We next performed an exploratory meta-analysis for the remaining cortical structures despite low number of reports. The magnitude of presynaptic protein loss was similar to temporal cortex in parietal cortex (Table 1; effect size: –0.92; 95% CI: –1.65, –0.19; p = 0.014) and cingulate gyrus (Table 1; effect size: –1.07; 95% CI: –1.67, –0.47; p < 0.001). Data was available in three studies each and included 209 proteins measured for parietal cortex and four proteins measured for cingulate gyrus. Heterogeneity was not significant in cingulate gyrus (p = 0.09). In parietal cortex heterogeneity was low within studies (Level 2 I2: 15.18%) and moderate between studies (Level 3 I271.66%). Meanwhile, effects in entorhinal cortex, occipital cortex, and hippocampal formation (HPF, including cornu ammonis and dentate gyrus) were not significant (Table 1).
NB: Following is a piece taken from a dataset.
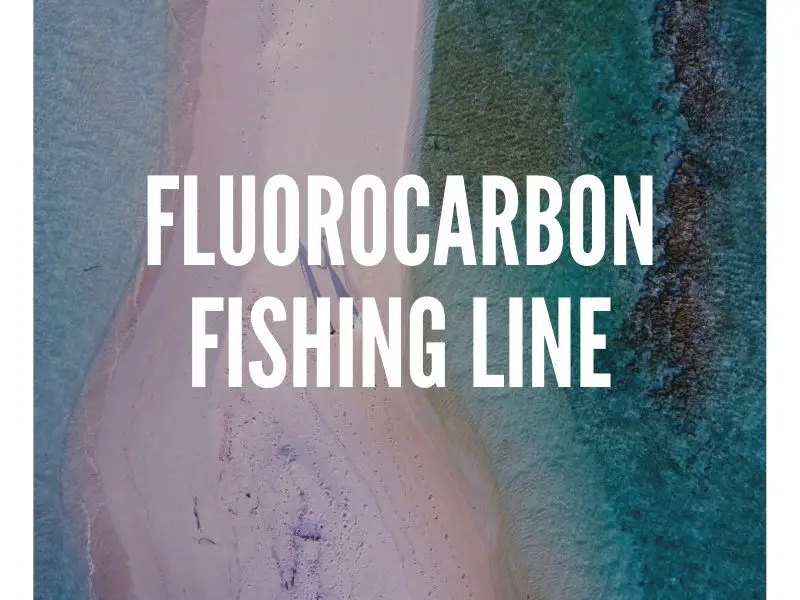 Fluorocarbon Fishing Line Guide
Reduced levels of presynaptic proteins in AD cohorts are protein-specific

To reveal whether there are protein-specific effects, proteins, and protein families with effect sizes from at least five independent studies were assessed. Synaptosome associated proteins (SNAPs) were quantified in five brain areas across seven studies. Meta-analysis confirmed a significant decrease in SNAP proteins (Supplementary Figure 1; effect size: –0.90; 95% CI: –1.4, –0.4; p < 0.001). The overall effect was strongest for SNAP25 alone (Fig. 5; effect size: –1.06; 95% CI: –1.49, –0.63; p < 0.001).
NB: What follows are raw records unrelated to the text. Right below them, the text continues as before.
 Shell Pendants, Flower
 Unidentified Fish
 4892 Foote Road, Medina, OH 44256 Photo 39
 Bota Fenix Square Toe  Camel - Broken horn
Both analyses showed moderate heterogeneity with I2 of 66% and 52.46% respectively. However, for SNAP25 heterogeneity was very similar within- and between studies (Level 2 I2: 25.01%; Level 3 I2: 27.45%) whereas in the analysis of all SNAP proteins heterogeneity was mainly due to between-study variation (Level 2 I2: 13.55%; Level 3 I2: 51.32%). All but one report [32] showed a moderate to large decrease of SNAP25 levels in AD patients.

The syntaxin (STX) family showed no significant loss in AD (Supplementary Figure 2). Included in this analysis were six studies measuring syntaxin proteins in five areas. Syntaxin 1 (STX1) was the most frequently analyzed protein in this family and was mentioned in five publications across five brain regions. Syntaxin 1, including isoforms STX1A and STX1B also showed no significant loss in AD subjects compared to controls (Fig. 6). Synaptotagmins (SYTs) were measured in five publications, but no overall change was found (Table 1).
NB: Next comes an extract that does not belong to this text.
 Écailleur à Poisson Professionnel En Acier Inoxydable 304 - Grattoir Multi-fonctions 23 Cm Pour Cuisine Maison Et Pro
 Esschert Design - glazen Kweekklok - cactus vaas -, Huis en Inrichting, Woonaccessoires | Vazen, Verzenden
The most frequently analyzed presynaptic protein was synaptophysin (SYP) with data available from nine studies. Synaptophysin was measured in seven cortical and five subcortical regions. Meta-analysis confirmed an overall decrease of SYP (Fig. 7: effect size: –0.76; 95% CI: –1.11, –0.41; p < 0.001). Overall heterogeneity was moderate due to between-study heterogeneity (Total I2: 54%, Level 2 I2: 0.74%, Level 3 I2: 53.36%) and only one report showed no decrease of SYP levels in AD patients. For exploratory analysis, protein families with low study numbers were also analyzed but none showed significant overall effects (Table 1).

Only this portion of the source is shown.